The strengths of our study include the careful clinical assessment and the novelty of our approach. The diagnosis of MDD was assigned by a geriatric psychiatrist based on a comprehensive standardized assessment, and participants received ongoing care. Participants completed neuropsychological testing annually, and cognitive diagnoses were assigned by an expert consensus panel based on current clinical histories. The diagnostic process using consensus diagnoses has been shown to be reliable and valid (Breitner et al., Reference Breitner1995). In addition, this study represents the first GWAS of cognitive decline in the context of geriatric depression, which was examined across both clinical diagnosis and neuropsychological phenotype.
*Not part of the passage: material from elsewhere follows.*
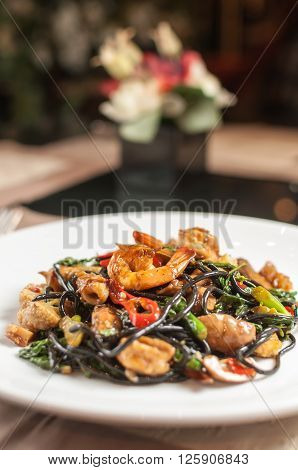 Food series : Spicy black spaghetti with prawns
Despite the strengths, we also acknowledge that the study has several limitations. The most significant limitation is the sample size. Notably, most GWAS analyses are conducted in samples of several thousand individuals and our study had only a few hundred individuals. This certainly impacted the statistical power to identify associations. However, despite the small sample, we did identify one genome-wide significant association, and several other plausible candidate genes that were nominally significant. Additionally, our approach to conceptualize cognitive decline quantitatively by using annual CERAD assessments was quite novel. Nonetheless, having more CERAD assessments over a longer period of time could provide a more informative construct of cognitive decline. While our results are intriguing, they are simply a first step in understanding the genetic architecture of cognitive decline in geriatric depression. As such, we have refrained from reporting effect sizes. Future work should build upon these findings and ideally include much larger samples.
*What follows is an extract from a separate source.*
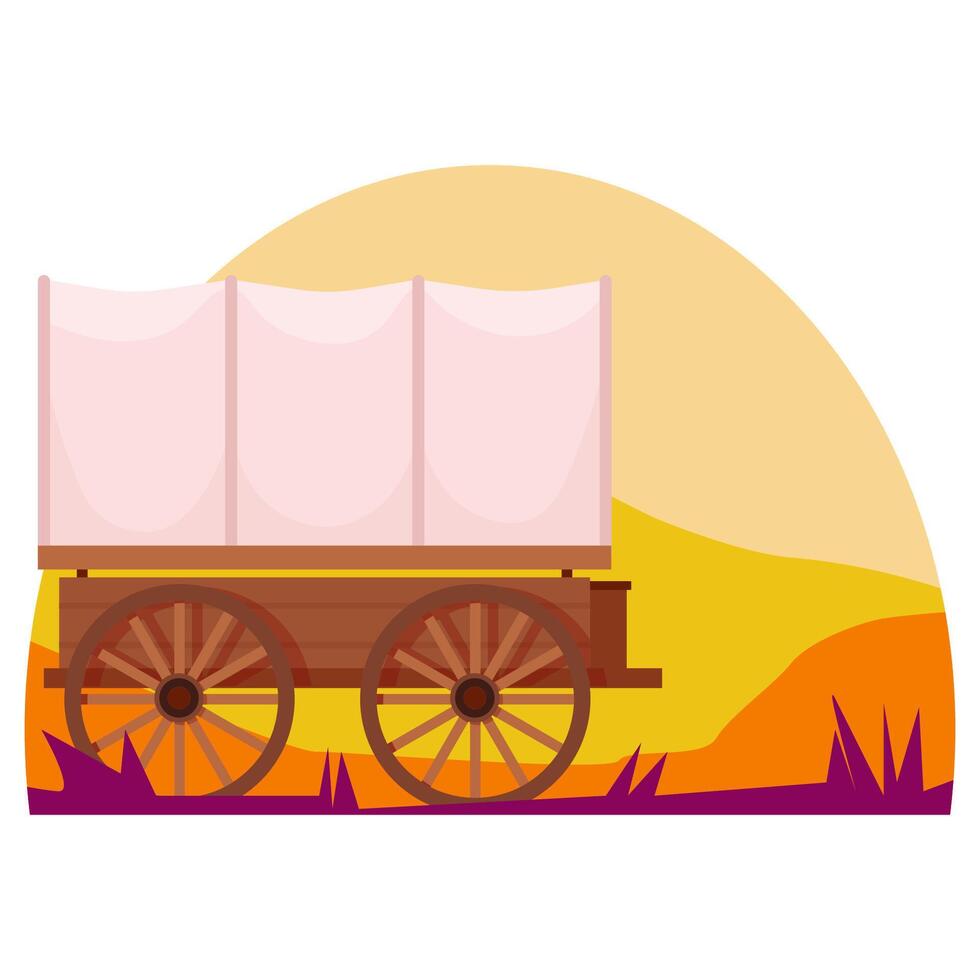 A covered wagon of pioneers against the backdrop of mountains and sand vector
The advantage of the GWAS approach over previous candidate gene approaches is the potential to identify new genes and pathways related to the development of a particular disorder or condition. While the chip we used in this study did not include APOE variants, we note that we failed to find an association between APOE genotype and incident dementia in our prior NCODE study (Steffens et al., Reference Steffens2007), highlighting the importance of research that seeks to discover new genetic paths linking depression, cognitive decline, and dementia. In the present study, the results related to cognitive performance and cognitive decline are particularly intriguing and point toward DHA biology and hearing impairment as being related to baseline and longitudinal cognition in depression.
Conflict of interest
None.
Description of authors’ roles
D. C. Steffens designed the study and wrote the paper. M. E. Garrett conducted the study, analyzed the data, and assisted in writing the paper. K. L. Soldano conducted the study and reviewed the final draft of the paper. D. R. McQuoid managed the data and created data sets for analysis. A. E. Ashley-Koch supervised the genetic analyses and assisted in writing the paper. G. G. Potter conducted the study and assisted in writing the paper.
Acknowledgments
This study was supported by R01 MH108578 from the US NIMH and by the Leo and Anne Albert Charitable Trust.